Now the total effort required to expand all the nodes is the sum of the nodes expanded at each level. Like at level 0, its c.3⁰ = c, at level 1 its c.3¹ = 3c and so on. The total effort for branching factor b and depth d is,
total effort = c.b⁰ + c.b² + c.b³ + … + c.b^d
Considering the largest term and omitting the constant part, the time complexity becomes O(b^d).
For games like chess, the average number of possible moves at any given instance is 35 and the average depth is about 100, which states that to simulate a chess game from any given point would require about 35¹⁰⁰ or 2.55x10¹⁵⁴ nodes be expanded, and that’s only the average, not the worst case possible!
Can we do better?
Minimax is a great leap forward for AIs competing with human counterparts but is way too naive for most of the strategic games. The fact that it expands each and every node up to the leaves makes it stumble on the ground. The AI can be taught to cut off some branches if they do not seem promising enough. This is called α-β pruning. This is not an algorithm by itself, rather like Minimax 2.0.
The fundamental idea is to maintain two variables called alpha and beta that keep track of how useful it is to expand the next node. Alpha is maximized while beta minimizes. The algorithmic pseudocode for a tic tac toe with α-β pruning is given in the next section.
The algorithm can almost readily be reproduced into a running python implementation with a few syntactic changes.
A couple of functions need to be implemented to get the flavor of how the algorithm runs.

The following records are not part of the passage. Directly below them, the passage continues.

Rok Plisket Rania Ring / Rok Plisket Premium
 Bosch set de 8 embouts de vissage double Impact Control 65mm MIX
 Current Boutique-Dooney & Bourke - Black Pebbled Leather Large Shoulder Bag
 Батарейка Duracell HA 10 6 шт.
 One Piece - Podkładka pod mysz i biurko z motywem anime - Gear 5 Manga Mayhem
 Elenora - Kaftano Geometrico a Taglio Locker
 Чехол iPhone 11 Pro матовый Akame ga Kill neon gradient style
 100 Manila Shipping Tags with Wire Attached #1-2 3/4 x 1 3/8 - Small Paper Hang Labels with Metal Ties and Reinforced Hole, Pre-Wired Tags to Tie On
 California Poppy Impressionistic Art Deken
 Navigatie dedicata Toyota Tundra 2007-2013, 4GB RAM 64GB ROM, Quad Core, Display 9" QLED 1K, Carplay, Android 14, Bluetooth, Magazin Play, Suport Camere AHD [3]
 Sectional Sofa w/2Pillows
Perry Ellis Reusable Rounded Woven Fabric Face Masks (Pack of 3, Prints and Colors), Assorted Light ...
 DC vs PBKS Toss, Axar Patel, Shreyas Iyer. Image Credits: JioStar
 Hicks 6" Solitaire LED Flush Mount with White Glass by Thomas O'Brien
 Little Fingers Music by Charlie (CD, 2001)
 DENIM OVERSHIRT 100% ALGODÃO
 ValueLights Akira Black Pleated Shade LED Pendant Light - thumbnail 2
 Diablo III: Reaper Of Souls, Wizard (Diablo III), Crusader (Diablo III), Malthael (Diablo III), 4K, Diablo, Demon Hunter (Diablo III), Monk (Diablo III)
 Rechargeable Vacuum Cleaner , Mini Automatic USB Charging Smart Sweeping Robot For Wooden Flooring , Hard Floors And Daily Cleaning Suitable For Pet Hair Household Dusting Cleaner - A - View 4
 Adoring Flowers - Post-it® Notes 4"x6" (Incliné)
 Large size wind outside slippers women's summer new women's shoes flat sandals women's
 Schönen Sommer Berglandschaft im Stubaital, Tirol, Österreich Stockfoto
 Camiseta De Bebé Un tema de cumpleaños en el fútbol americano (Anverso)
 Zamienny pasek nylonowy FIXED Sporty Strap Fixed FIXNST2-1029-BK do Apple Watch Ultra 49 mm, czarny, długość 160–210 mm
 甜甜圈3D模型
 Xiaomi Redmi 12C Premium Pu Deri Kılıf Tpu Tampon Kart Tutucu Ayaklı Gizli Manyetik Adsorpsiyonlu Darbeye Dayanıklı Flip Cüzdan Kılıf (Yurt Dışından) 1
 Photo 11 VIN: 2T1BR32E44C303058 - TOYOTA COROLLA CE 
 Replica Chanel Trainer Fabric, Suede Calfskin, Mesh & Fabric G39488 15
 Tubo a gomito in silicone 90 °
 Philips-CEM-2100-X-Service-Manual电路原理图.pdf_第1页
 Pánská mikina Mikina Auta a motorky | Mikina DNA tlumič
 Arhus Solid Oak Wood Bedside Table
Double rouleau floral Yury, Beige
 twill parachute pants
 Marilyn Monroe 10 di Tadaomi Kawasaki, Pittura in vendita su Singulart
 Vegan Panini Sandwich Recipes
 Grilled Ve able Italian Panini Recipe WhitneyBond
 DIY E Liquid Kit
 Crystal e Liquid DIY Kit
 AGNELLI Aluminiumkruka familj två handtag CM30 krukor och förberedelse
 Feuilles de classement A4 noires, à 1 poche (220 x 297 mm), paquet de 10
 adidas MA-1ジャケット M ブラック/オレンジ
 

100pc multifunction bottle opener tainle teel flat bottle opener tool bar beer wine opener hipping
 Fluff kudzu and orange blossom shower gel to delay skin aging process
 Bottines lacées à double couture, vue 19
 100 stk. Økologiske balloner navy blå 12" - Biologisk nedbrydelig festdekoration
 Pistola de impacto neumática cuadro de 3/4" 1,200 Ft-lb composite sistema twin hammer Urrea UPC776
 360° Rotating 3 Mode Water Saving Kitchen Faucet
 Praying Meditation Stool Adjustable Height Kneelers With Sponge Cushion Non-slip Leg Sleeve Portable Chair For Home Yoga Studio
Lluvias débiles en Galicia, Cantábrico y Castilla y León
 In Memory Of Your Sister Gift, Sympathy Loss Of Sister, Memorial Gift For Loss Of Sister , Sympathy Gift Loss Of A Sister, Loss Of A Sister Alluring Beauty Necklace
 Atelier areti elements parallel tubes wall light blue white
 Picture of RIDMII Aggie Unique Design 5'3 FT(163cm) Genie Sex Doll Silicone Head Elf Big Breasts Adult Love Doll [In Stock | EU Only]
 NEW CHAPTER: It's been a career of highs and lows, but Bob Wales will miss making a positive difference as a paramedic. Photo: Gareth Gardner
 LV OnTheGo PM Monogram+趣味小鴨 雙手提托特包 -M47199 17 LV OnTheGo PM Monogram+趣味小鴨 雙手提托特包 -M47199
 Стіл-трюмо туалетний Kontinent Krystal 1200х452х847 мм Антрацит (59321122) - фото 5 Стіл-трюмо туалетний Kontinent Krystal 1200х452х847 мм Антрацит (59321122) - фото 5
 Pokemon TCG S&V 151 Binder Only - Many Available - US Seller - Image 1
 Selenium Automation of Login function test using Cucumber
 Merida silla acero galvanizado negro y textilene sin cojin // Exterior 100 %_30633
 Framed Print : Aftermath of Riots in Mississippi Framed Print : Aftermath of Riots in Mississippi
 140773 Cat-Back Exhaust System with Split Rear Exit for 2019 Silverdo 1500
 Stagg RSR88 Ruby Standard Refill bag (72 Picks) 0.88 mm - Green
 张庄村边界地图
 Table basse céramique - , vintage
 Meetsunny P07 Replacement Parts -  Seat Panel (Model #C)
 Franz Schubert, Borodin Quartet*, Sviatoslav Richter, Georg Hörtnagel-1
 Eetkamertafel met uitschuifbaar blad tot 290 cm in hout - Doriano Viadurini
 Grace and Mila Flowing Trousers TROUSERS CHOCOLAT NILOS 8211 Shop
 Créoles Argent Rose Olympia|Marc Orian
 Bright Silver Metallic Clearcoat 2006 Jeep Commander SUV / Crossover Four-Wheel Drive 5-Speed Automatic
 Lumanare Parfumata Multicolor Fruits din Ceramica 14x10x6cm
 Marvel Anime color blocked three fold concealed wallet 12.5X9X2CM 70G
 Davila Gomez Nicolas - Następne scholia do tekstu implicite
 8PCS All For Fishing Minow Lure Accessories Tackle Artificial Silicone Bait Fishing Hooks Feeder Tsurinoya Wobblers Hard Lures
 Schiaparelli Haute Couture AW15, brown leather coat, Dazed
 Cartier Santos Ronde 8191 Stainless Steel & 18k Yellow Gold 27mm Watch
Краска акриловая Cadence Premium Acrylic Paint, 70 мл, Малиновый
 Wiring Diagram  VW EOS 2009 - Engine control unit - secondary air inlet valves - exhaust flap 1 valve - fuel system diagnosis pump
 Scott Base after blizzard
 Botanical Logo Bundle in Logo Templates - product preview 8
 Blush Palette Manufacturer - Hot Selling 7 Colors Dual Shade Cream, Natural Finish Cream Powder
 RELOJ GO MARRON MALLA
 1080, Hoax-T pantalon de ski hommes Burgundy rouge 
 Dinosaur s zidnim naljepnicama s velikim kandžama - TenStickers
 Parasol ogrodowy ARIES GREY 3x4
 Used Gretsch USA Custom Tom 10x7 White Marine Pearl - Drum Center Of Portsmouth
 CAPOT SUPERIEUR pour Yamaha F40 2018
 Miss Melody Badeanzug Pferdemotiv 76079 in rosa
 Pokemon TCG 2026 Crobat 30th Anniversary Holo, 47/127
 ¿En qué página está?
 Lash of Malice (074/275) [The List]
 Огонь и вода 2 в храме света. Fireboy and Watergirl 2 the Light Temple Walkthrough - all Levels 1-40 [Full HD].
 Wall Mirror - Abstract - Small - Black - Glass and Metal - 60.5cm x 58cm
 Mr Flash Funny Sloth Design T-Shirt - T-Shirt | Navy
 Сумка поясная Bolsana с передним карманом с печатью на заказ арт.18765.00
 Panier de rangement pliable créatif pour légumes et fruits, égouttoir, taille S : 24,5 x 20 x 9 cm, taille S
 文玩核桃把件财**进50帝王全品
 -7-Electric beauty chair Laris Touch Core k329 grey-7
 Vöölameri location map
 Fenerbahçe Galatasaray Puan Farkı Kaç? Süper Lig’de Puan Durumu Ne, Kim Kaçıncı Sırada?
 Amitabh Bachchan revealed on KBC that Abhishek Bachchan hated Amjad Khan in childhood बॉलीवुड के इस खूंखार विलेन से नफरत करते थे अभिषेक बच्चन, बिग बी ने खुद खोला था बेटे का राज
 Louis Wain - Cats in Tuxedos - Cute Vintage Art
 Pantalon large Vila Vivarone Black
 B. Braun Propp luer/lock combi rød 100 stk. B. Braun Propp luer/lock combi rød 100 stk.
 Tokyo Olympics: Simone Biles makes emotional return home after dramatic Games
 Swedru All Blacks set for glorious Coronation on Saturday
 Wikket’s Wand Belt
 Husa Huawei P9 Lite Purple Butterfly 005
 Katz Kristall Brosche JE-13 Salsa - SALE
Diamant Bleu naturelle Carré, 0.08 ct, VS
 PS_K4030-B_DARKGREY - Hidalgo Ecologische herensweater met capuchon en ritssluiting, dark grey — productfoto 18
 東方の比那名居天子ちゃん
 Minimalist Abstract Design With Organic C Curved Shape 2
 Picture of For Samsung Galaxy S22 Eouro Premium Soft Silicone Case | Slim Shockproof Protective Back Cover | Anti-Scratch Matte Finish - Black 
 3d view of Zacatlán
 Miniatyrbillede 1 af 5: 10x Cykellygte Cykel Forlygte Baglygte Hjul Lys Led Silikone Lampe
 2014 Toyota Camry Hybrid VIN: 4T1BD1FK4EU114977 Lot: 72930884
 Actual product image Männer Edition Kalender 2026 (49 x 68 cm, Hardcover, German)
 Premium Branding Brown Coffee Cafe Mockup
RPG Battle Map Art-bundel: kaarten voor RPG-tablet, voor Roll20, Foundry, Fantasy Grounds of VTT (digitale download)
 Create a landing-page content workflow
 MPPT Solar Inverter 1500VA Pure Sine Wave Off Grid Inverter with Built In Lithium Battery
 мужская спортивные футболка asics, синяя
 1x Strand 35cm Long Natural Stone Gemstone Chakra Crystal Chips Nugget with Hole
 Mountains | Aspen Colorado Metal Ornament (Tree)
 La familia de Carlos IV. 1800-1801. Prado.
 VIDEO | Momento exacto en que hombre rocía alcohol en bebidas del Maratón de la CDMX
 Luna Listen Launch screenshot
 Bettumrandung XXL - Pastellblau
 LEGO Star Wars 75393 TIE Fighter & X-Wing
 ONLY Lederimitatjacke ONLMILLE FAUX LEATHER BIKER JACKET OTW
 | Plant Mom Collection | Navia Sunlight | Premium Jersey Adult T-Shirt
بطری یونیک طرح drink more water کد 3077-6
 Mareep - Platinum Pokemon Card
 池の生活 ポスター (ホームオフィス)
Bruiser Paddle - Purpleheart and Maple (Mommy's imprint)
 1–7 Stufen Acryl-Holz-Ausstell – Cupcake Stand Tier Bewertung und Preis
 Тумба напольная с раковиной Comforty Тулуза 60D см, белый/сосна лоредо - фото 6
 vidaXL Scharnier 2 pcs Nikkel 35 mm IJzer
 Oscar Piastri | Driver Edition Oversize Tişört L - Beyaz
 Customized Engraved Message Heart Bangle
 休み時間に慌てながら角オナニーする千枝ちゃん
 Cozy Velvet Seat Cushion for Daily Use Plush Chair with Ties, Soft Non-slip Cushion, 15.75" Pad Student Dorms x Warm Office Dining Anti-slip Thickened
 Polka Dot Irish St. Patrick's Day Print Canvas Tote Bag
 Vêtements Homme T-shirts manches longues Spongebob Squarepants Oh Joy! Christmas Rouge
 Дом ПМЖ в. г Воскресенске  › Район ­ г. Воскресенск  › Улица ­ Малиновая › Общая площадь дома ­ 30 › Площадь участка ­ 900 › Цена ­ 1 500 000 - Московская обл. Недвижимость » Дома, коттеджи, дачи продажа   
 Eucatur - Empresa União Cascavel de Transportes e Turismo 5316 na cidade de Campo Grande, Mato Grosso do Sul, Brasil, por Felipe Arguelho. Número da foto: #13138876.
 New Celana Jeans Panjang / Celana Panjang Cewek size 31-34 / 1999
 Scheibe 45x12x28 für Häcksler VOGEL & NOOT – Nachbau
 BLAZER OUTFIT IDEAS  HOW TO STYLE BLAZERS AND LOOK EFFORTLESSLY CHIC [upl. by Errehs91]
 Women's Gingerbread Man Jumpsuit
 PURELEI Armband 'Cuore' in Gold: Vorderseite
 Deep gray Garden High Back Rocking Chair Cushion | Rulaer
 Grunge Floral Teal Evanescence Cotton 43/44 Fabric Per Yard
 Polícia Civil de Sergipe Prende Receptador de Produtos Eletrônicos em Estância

- +/- inf denote positive and negative infinities. winning() is a utility function that checks the board configuration to tell if a player is winning. findEmptySlots() runs through every cell to find an empty one. The logic here is to return -10 upon losing, +10 upon winning and 0 on a tie — from the perspective of Min (AI player) with the added compensation, hence subtracting the depth.
Let’s actually employ the algorithm in an actual near end tic tac toe gam and see it in action. Consider the following stage of the game, O for AI, X for human.
Its got 3 empty slots. From here on, 11 new nodes can be expanded as follows, obviously there’s no single move at this stage that can lead to the victory of AI,
Here’s the convention,
- the tuple inside each is unique by at least one value
- the first value denotes the number of the node as per order of traversal, like node (3, 1, 2) is the 3rd node to be visited
- second value denotes the depth and thrid denotes number of empty slots at this stage
- numbers on the edge also denote the depth, red numbers below each leaf denotes the final score, +/- (10-depth)
- finally, the red circled nodes are the ones pruned
Give it a go yourself, the algorithm should prune off 4 nodes.
About how much better is alpha-beta pruning as compared to Minimax, this depends mostly on the ordering of the nodes, if the left-most node contains the best path, the algorithm prunes the other branches, if not — the same time is required as Minimax if not worse, in order to handle the alpha and beta variables. The average complexity may be summed off to O(sqrt(b^d)).